Delving deeper than most, William Basinski returns with the elegant sadness of his new album, A Shadow In Time.
Constructed from his signature swirling, endlessly ambient tape loops, A Shadow In Time is possibly the most affecting work he has composed since the first chapter of the Disintegration Loops slowly weaved its way into our collective psyche.
Composed of two extended pieces, A Shadow In Time opens with a heartbreakingly pure tribute to the late David Bowie. Said to be built with re-purposed tape fragments that had been chewed up by a former roommate's cat, quoted by Basinski as “this big, fat motherf***er,”. Using its full title of 'A Shadow In Time... For David Robert Jones', Basinski performed strikingly meditative (even for a William Basinski gig!) extended versions of the album, following a commissioned performance at LA gallery Volume in the immediate weeks following Bowie's passing last January.
For David Robert Jones' slowly unravels itself with richly formed layers of choral angelic vocals before a lone saxophone drifts into the mix echoing Bowie's vastly considered creative peak of 1977's Low. Pulling influence from the second half of Low (notably the bowing out of Subterraneans) Basinski crafts an aching melancholy that at once echoes this period strongly, yet sounds even further away than the long winter nights of 1975 in which Bowie recorded Subterraneans.

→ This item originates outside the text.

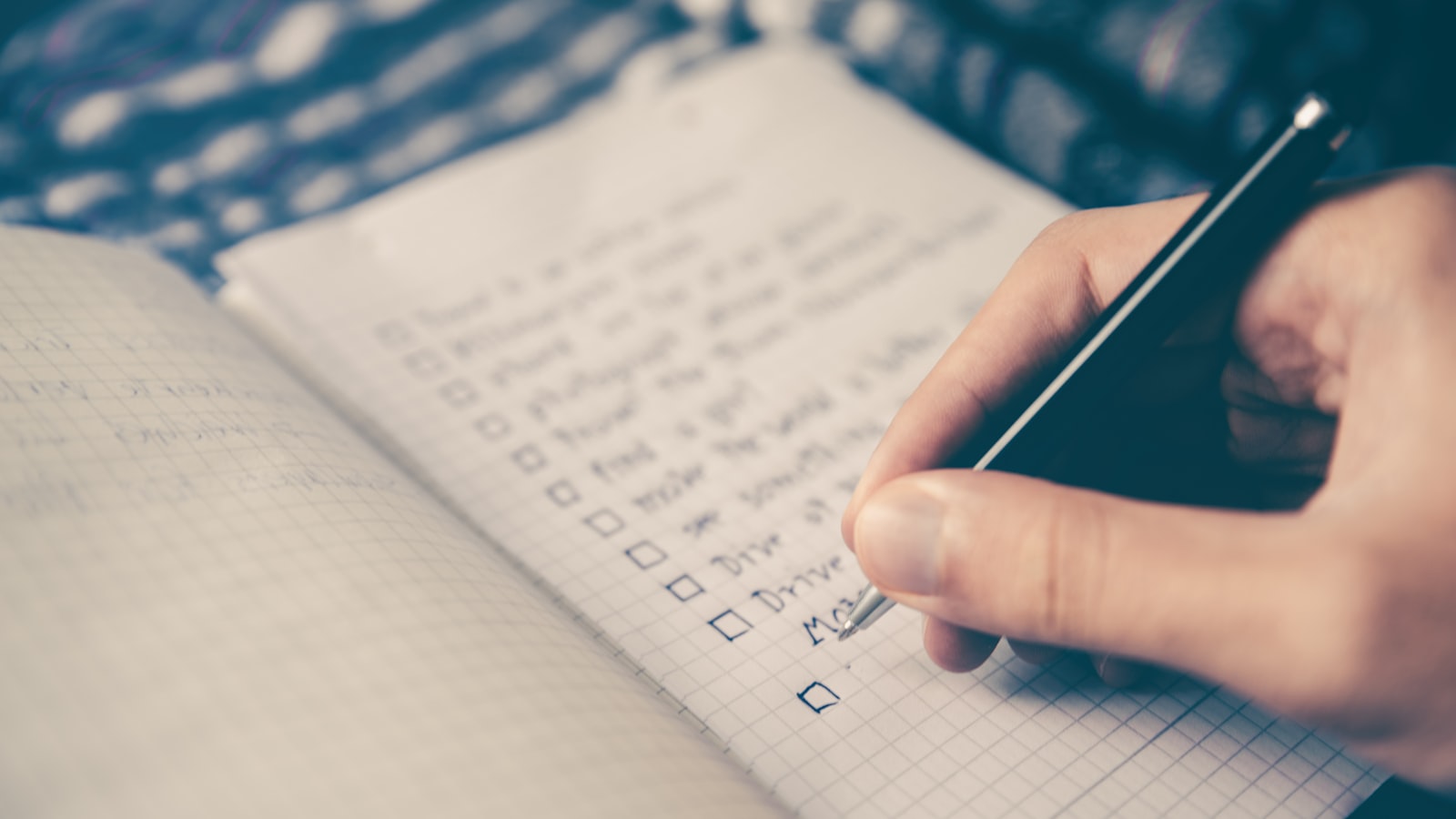 An open planner with a pen resting on a wooden desk near a coffee cup.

Moving further afield, the album's second half moves more into the direction of his acclaimed 2001 album Watermusic, using the same Voyetra 8 as that recording, A Shadow In Time blends a misty glaze over his endlessly forming sounds, creating an increasingly immersive yet startlingly raw blend of metallic ambience that long after the recording ends, continues like the very best work of William Basinski - to stay rooted in your mind for hours to follow.